THE TASK: When you reach the line containing "地下平面駐車場の出入り口", begin reproducing the material exactly, stop after the line containing "Gerenoveerd en centraal", and leave out any pictures along the way.

MATERIAL FOR THE TASK:
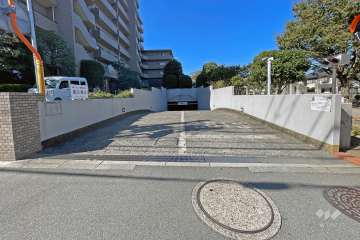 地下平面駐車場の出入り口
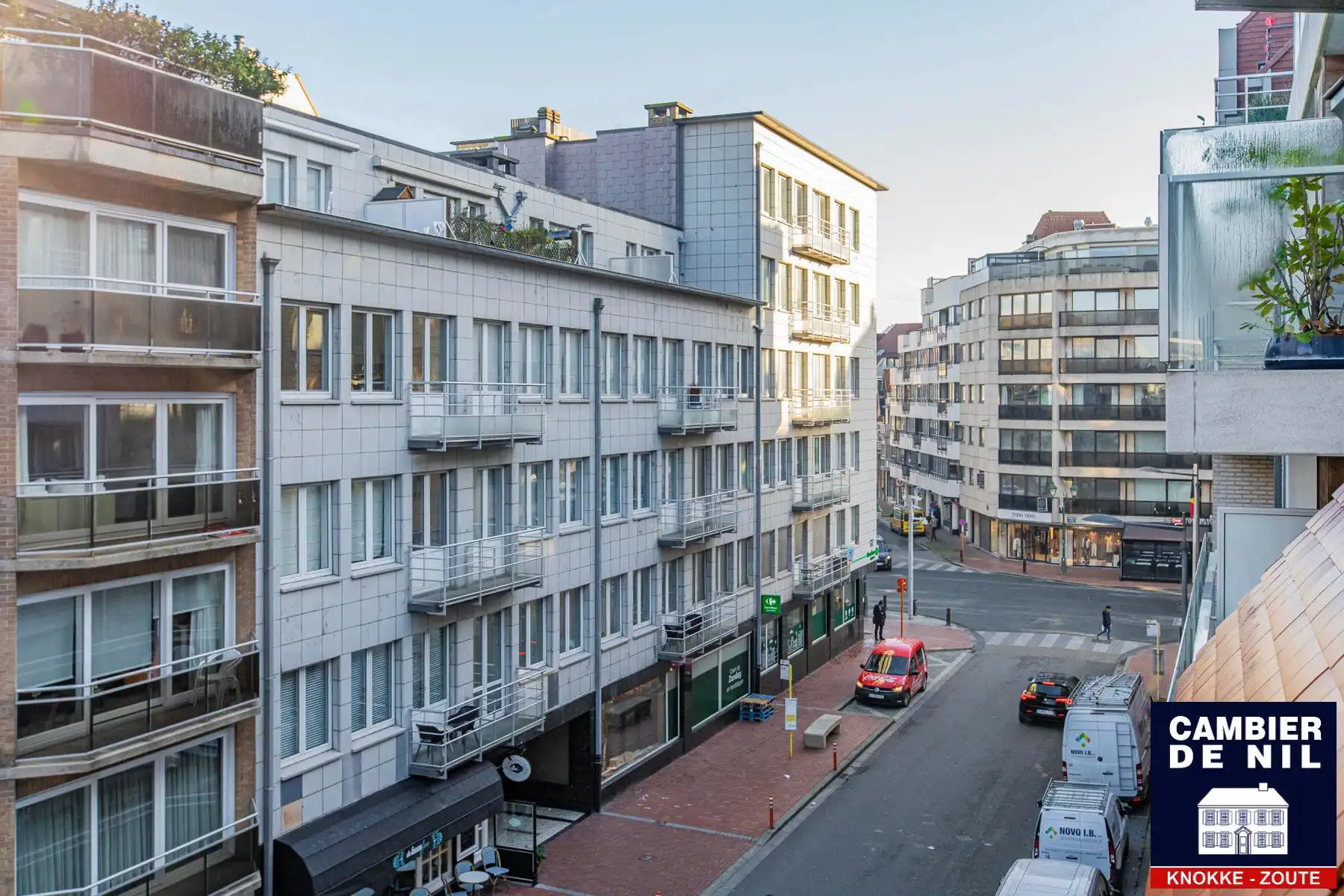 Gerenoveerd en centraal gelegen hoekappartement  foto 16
* * *
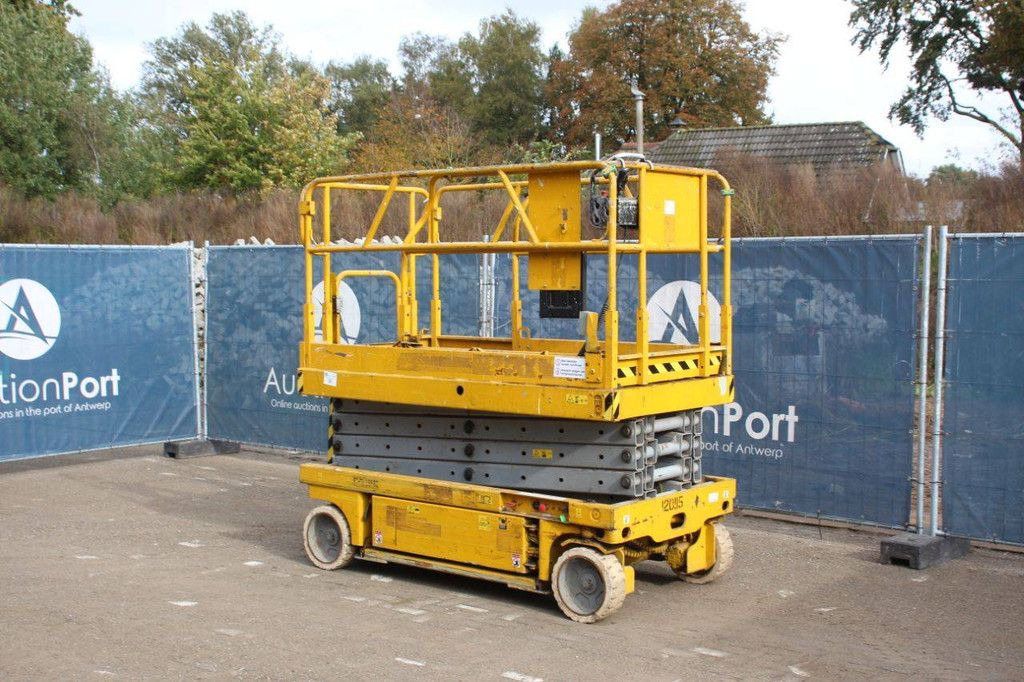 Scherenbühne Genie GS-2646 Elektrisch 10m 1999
==
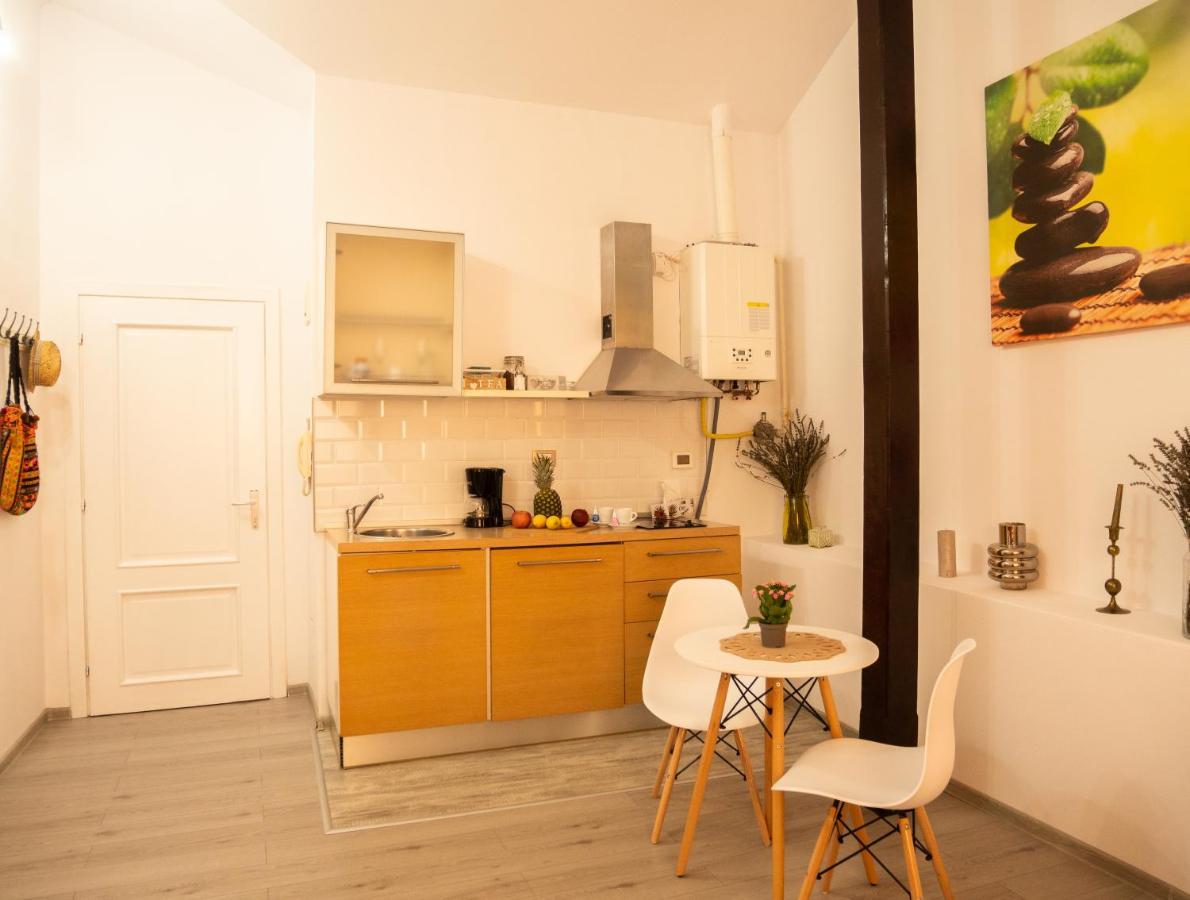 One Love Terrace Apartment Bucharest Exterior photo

EXERCISE RESPONSE:
 地下平面駐車場の出入り口
 Gerenoveerd en centraal gelegen hoekappartement  foto 16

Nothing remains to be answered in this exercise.